The US–Taiwan Business Council today welcomed the vote in the House of Representatives approving Rep. Kay Granger’s amendment mandating selling no fewer than 66 F-16C/D multirole fighter aircraft to Taiwan. The Granger amendment was attached to H.R.4310, the National Defense Authorization Act (NDAA) for Fiscal Year 2013, and was included in a collection of non-controversial amendments that were packaged together and voted upon as a group.

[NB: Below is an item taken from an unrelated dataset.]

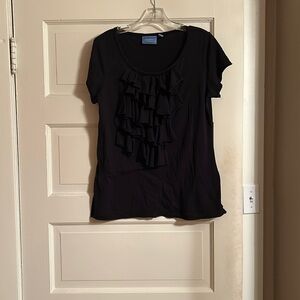 Simply Vera, Vera Wang black short sleeve top with ruffles, size Large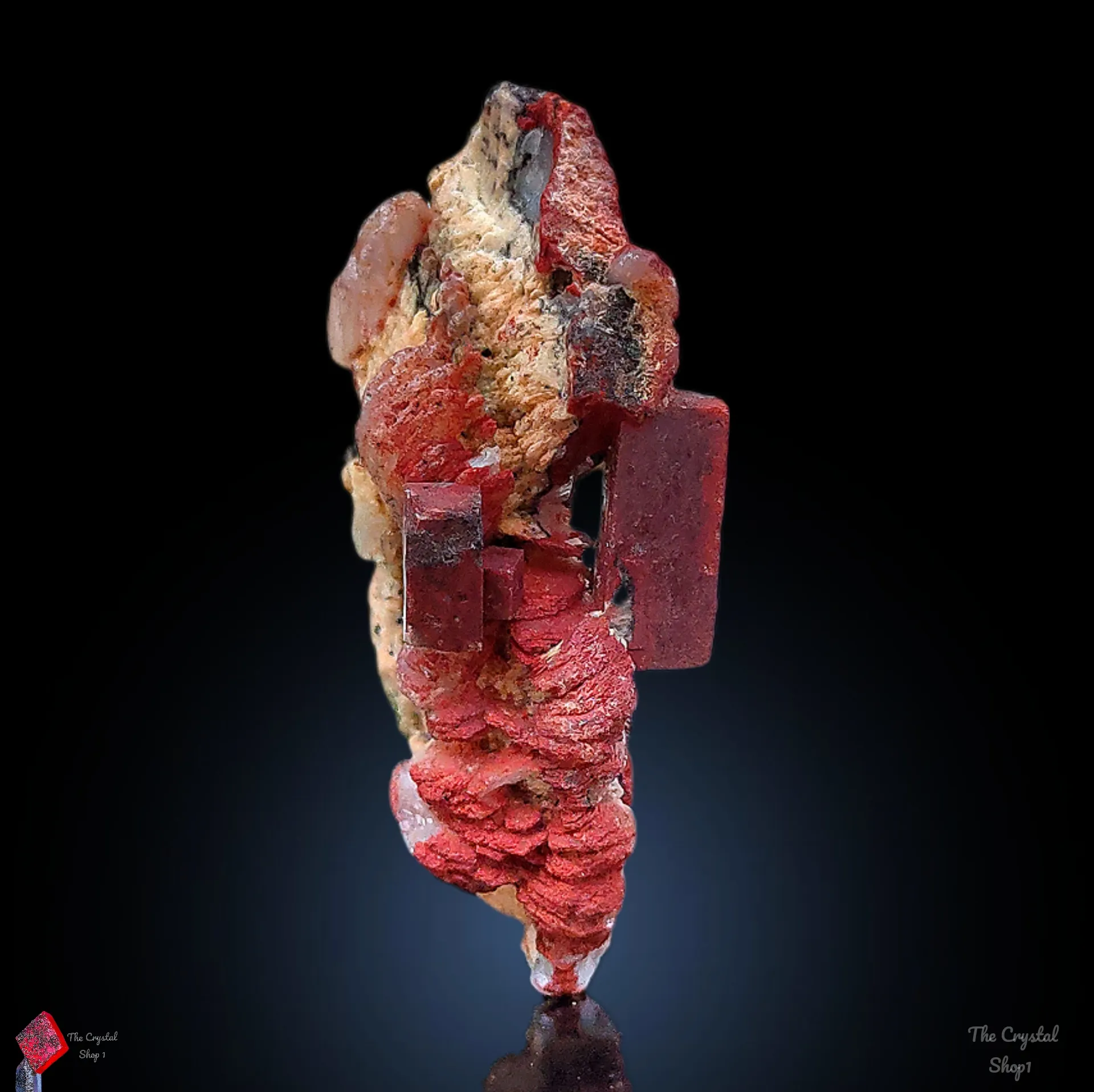 Red Apophyllite Aart  with Stilbite - image 7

“The bipartisan vote approving this amendment speaks to the tremendous support this sale enjoys in the House,” said Rupert Hammond-Chambers, President of the US-Taiwan Business Council. “The Taiwan Air Force is nearing an operational crisis point. Within five years more than half of Taiwan’s current fighter fleet will be retired, leaving fewer than 200 aircraft to defend the island. New F-16C/Ds would provide Taiwan – a strong and democratic ally – with the airframes they need to provide a credible deterrent to Chinese adventurism,” he said.

The House action comes on the heels of a White House letter to Senator John Cornyn (R-TX), which recognized the urgency and severity of the burgeoning fighter gap between China and Taiwan. The letter stated that the Obama Administration is working on a near-term course of action to address the fighter shortfall, “including through the sale to Taiwan of an undetermined number of new U.S.-made fighter aircraft.” The Administration has resisted the sale of new fighter aircraft to Taiwan, driven by unsupported concerns over retaliatory responses by China.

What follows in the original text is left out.